◆ WHAT NEEDS TO BE DONE:
Below this task are records; return each one exactly and omit its images.

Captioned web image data
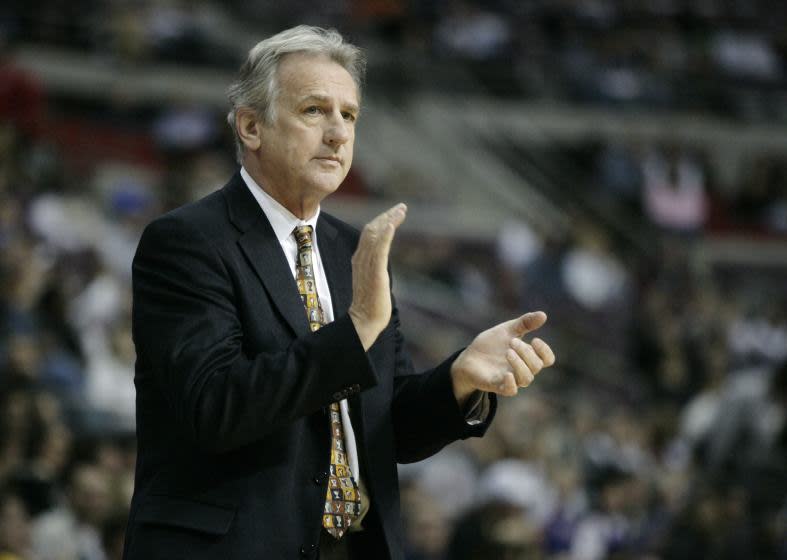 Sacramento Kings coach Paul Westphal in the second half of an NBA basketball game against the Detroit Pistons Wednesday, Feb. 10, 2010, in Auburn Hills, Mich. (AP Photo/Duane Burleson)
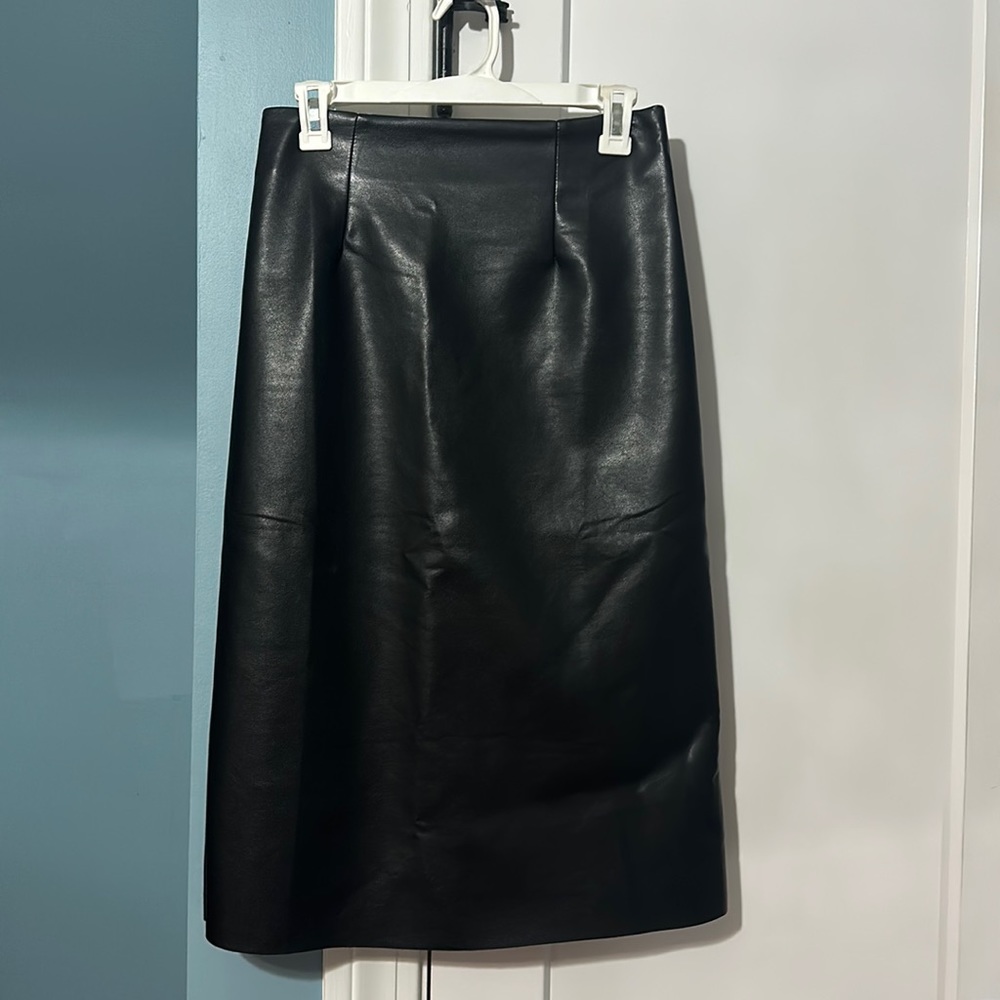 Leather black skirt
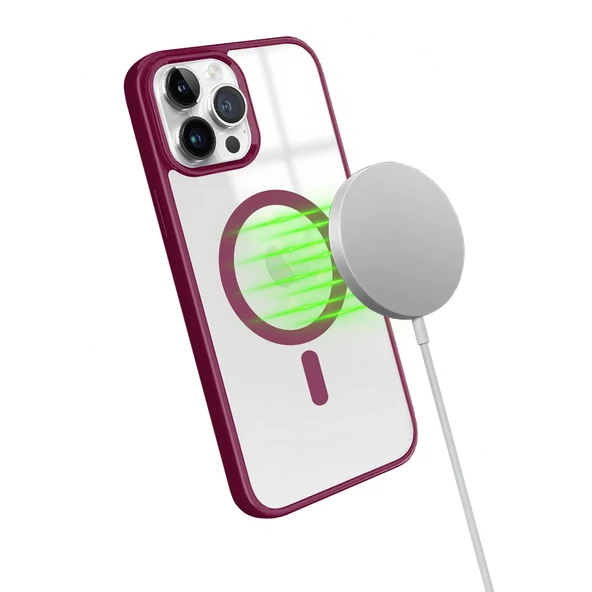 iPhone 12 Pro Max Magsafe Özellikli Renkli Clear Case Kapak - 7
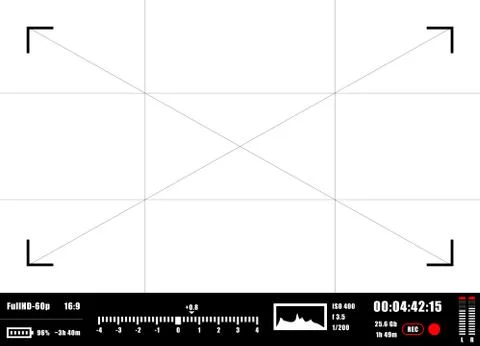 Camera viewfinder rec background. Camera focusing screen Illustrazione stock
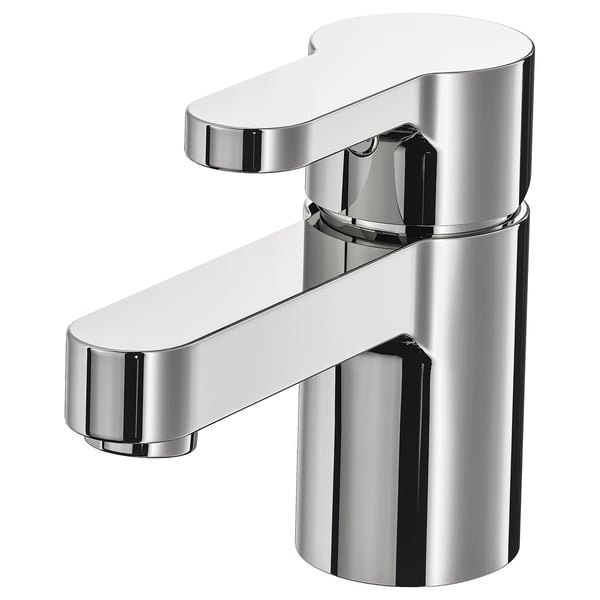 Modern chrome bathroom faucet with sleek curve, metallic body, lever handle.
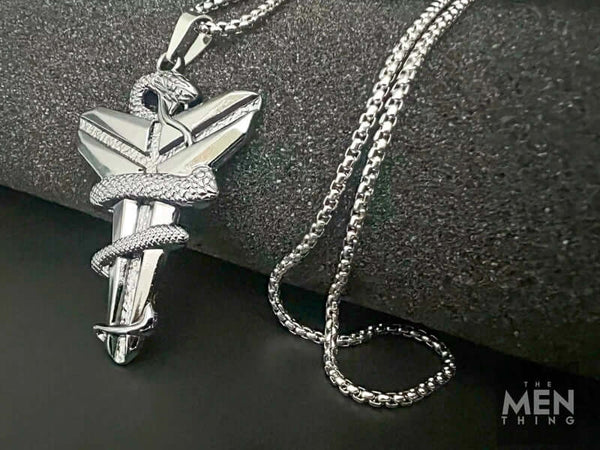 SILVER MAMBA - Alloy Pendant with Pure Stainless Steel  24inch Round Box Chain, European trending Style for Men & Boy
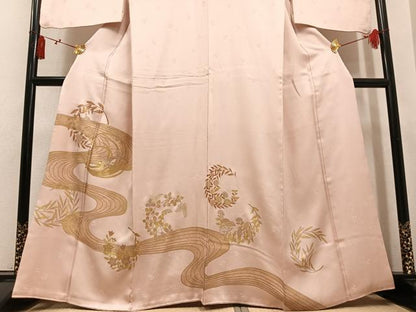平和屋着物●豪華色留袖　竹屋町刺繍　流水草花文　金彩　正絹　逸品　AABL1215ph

◆ TASK SOLUTION:
 Sacramento Kings coach Paul Westphal in the second half of an NBA basketball game against the Detroit Pistons Wednesday, Feb. 10, 2010, in Auburn Hills, Mich. (AP Photo/Duane Burleson)
 Leather black skirt
 iPhone 12 Pro Max Magsafe Özellikli Renkli Clear Case Kapak - 7
 Camera viewfinder rec background. Camera focusing screen Illustrazione stock
 Modern chrome bathroom faucet with sleek curve, metallic body, lever handle.
 SILVER MAMBA - Alloy Pendant with Pure Stainless Steel  24inch Round Box Chain, European trending Style for Men & Boy
平和屋着物●豪華色留袖　竹屋町刺繍　流水草花文　金彩　正絹　逸品　AABL1215ph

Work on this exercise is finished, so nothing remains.